By Nicole Capozziello
Published May 12, 2021
Graduating is both an uncertain and exciting time – and perhaps never more so than in 2021. At this year's commencement ceremonies, two student speakers will have the honor of sending their fellow School of Engineering and Applies Sciences graduates off into this next chapter.
Barnard Uche Onyenucheya, a PhD student in electrical engineering, will address his fellow graduate students on May 14 while Amy Faville, a mechanical engineering major, will speak at the undergraduate ceremony on May 15.
The students earned first place in the Student Speaker Competition, an annual event run by Christine Human, associate dean for accreditation and student affairs. The event is organized into two competitions: one for graduate students and the other for undergraduate students. “The competition is open to all students participating in the School of Engineering and Applied Sciences commencement ceremony,” says Human. “This year, we had an outstanding pool made up of nine graduate students and 10 graduate students.”
A panel of faculty and staff volunteers choose the winners, whose speeches are evaluated based on relevancy, appropriateness of content and delivery. In addition to presenting their speeches at commencement, the winners also receive a custom UB class ring.
“Each year, I’m more impressed by the students we have here in the School of Engineering and Applied Sciences. Their perspectives and motivation never fail to inspire me,” says Human.
“I saw this as an outstanding opportunity to both improve my professional public speaking skills and to instill a feeling of hope and excitement for the future in my fellow graduates,” says Faville of her inspiration to enter the contest. “The past four years have been tough and this class has faced numerous hurdles. I wanted to remind them that regardless of how challenging it has been, each and every one of them should be immensely proud of their accomplishments.”
Faville, who hails from Avon, NY, comes from a family of engineers. During her time at UB, she has been a research assistant under Matthew Burge, an assistant professor of teaching in the Department of Mechanical and Aerospace Engineering, where she evaluates methods for the observation of fluid and heat transfer phenomena. She’s also been involved in the freshman engineering course EAS199, where she’s mentored projects groups and worked as a teaching assistant for labs.

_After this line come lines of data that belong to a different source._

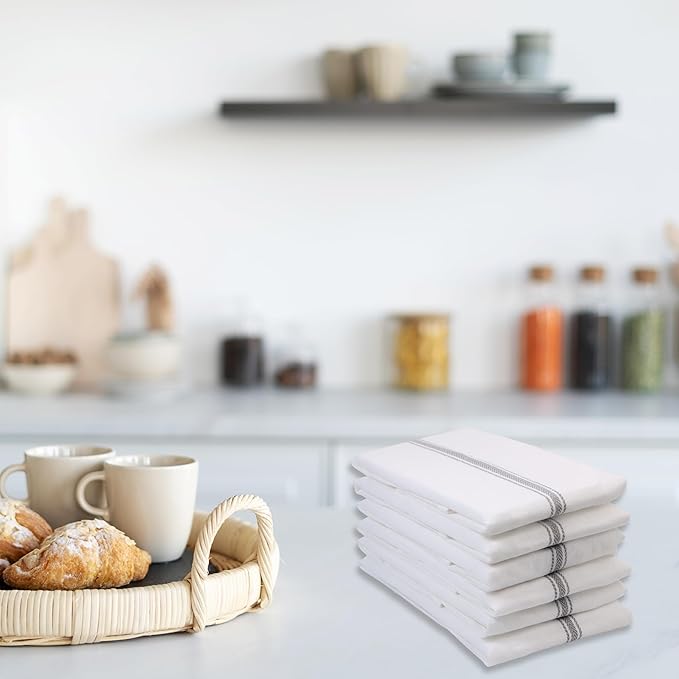 LANE LINEN Kitchen Towel Set, 6 Pack Dish Towels for Kitchen, 100% Cotton Absorbent Tea Towels, Quick Dry, 14"x25", Herringbone Weave, Reusable, Machine Washable, Soft for Drying Dishes - Grey Stripe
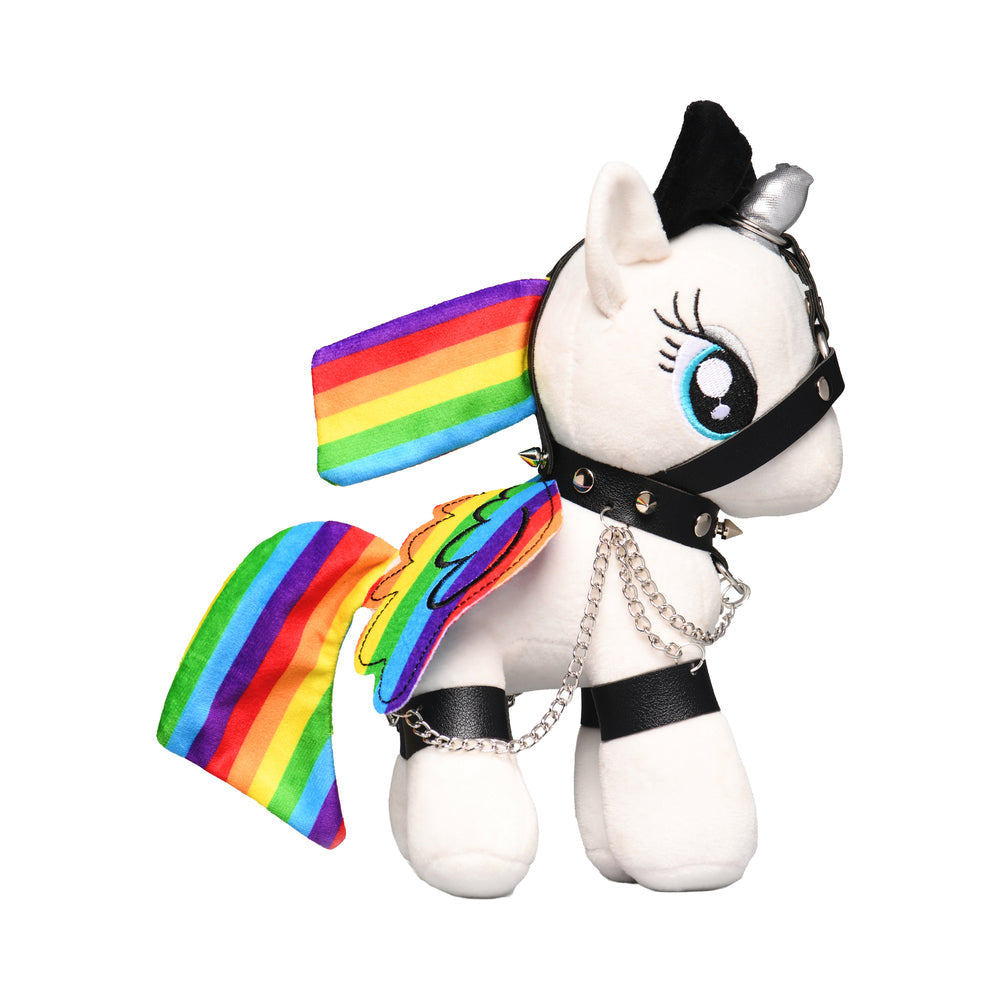 Master Series Prism Pearl Bondage Pony Plushie with Silver Horn and Harness – White/Rainbow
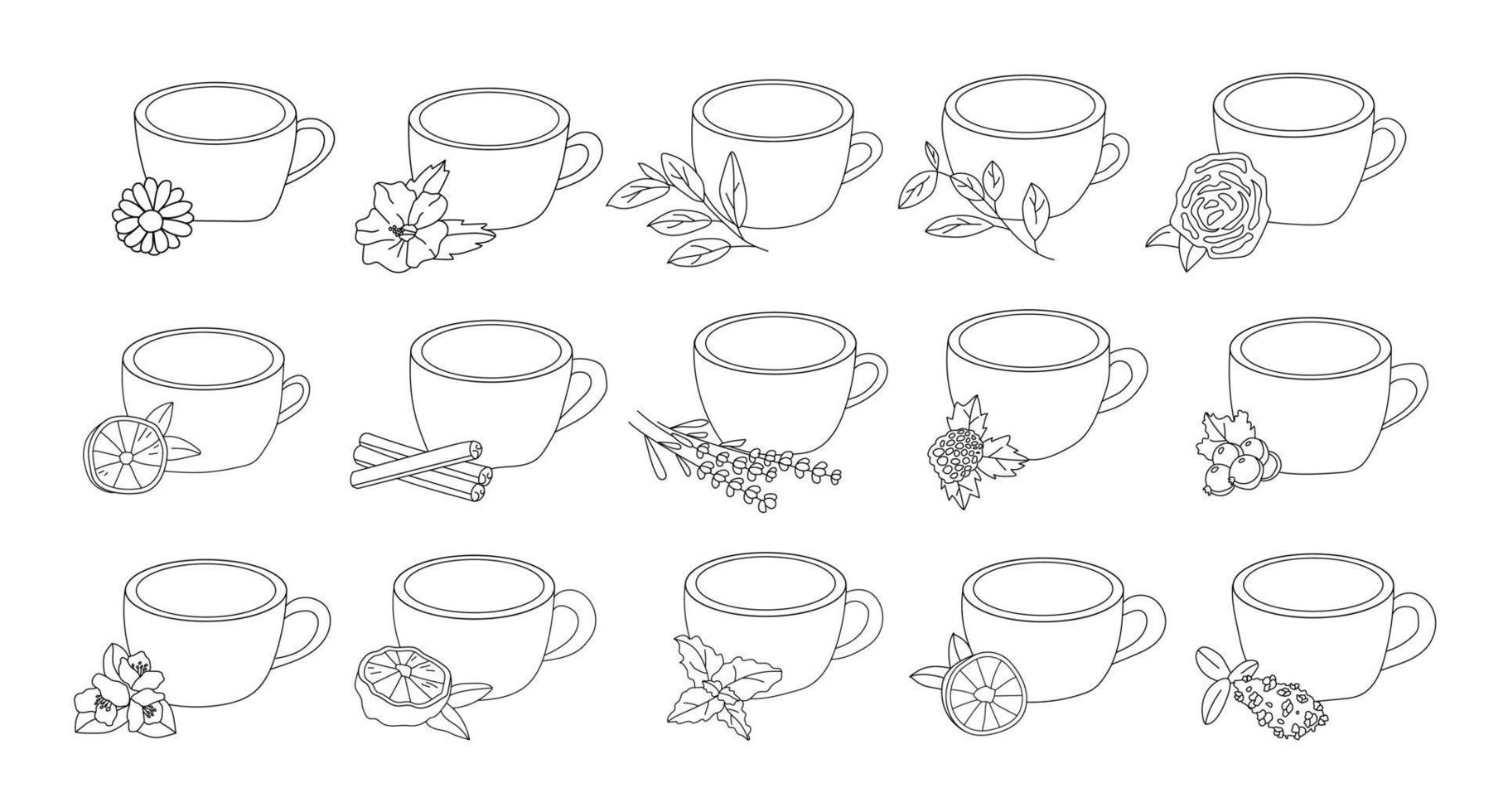 a set of cups of tea with different flavors in the doodle style on an isolated background vector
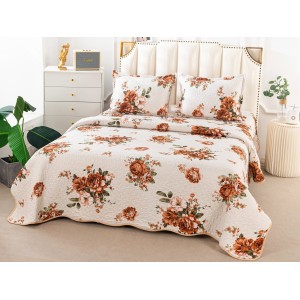 Cuvertura pat dublu din Bumbac Satinat Superior, 3 PIESE, Bej-Maro, flori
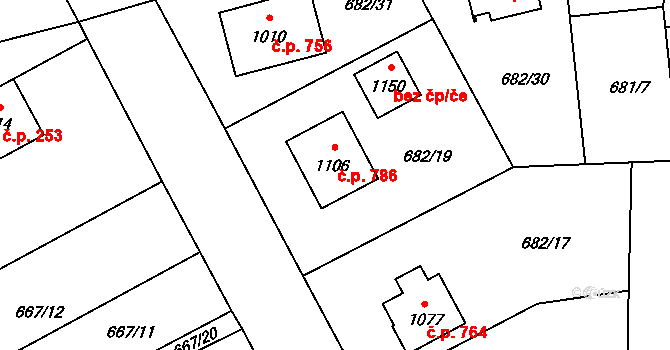 Lišov 786, Katastrální mapa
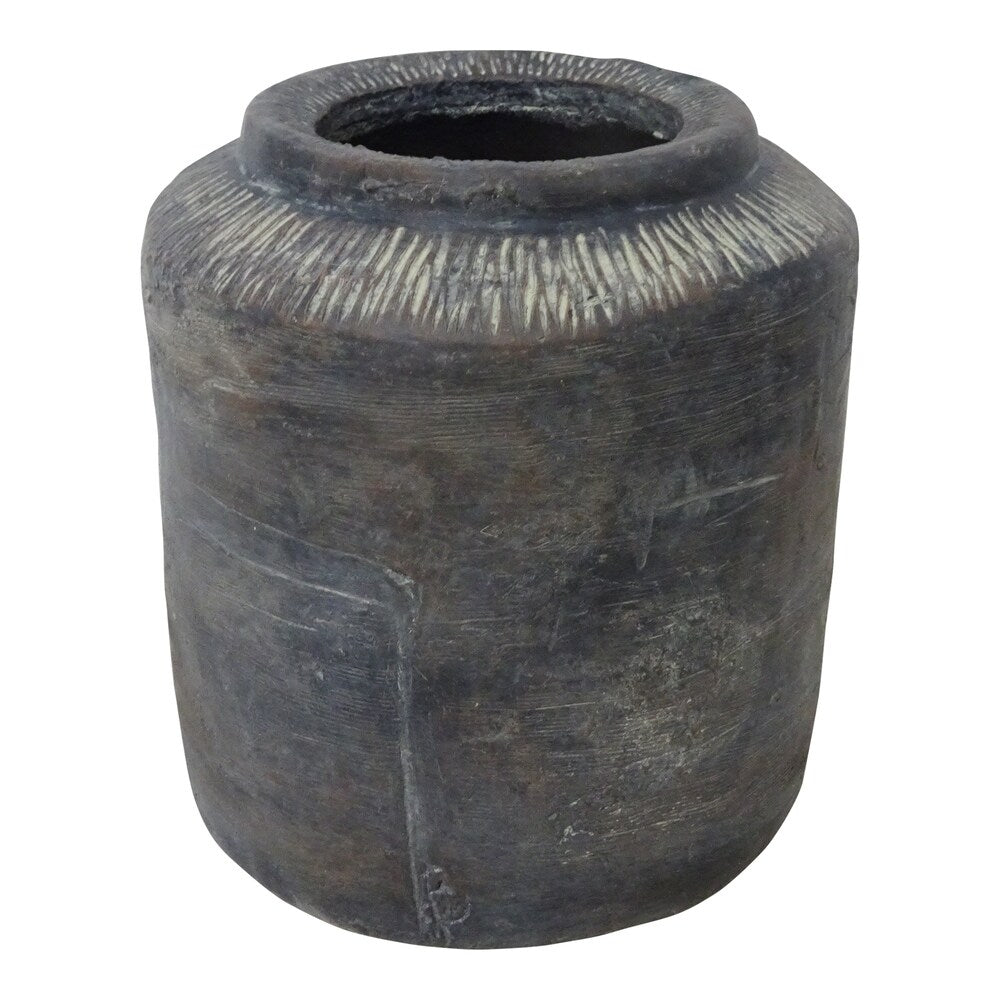 Aurelle Home Vitas Rustic Brown Cement Vase Planter - Large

Outside of the classroom, Faville has been an active member of Theta Tau, a professional co-ed engineering fraternity on campus. She was recently honored as the recipient of the 2021 MAE Student Excellence Chair’s Award, which recognizes an individual’s promotion of engineering culture at UB and efforts spanning all engineering principles.
Upon graduation, Faville looks forward to starting at Fisher-Price as a product development engineer and pursuing a Masters of Engineering Management here at UB.
“My favorite memory from my time at UB is my study abroad experience in Troyes, France,” says Faville. “Not only did this time give me a chance to experience a variety of cultures and global history, but it gave me a special opportunity to connect with like-minded engineers within SEAS. This study abroad was an amazingly run program that I strongly encourage every younger engineer to pursue – it provided me with lifelong friends and memories.”
Graduate student speaker Barnard Onyenucheya hails from the Bronx, N.Y. A four-year letter winner on the University at Buffalo men’s basketball team, Onyenucheya received both his bachelor of science and master of science degrees in electrical engineering from UB.
“I don't think I fit the traditional mold of someone completing a PhD in electrical engineering so I thought giving people insight into my journey would be interesting and inspiring,” says Onyenucheya. “To address your peers is the highest honor that anyone could ask for in any ceremony. I know that I will be representing not only the Class of 2021 but the University at Buffalo as a whole, which is something I'm honored by.”
Onyenucheya was a recipient of the National Science Foundation Bridge to the Doctorate Fellowship and is the co-founder of the Engineering Cooperative Society, which funds and provides outreach to underrepresented students in STEM. He is also the founder of the creative engineering solutions start-up Epsilon Blue LLC.
“During my time at UB, some faculty, coaches and classmates turned out to be much more than just their title – they became family,” says Onyenucheya. “I really believe the university fosters an environment where strangers become so involved and shower you with so much support that they become integrated in your life forever.”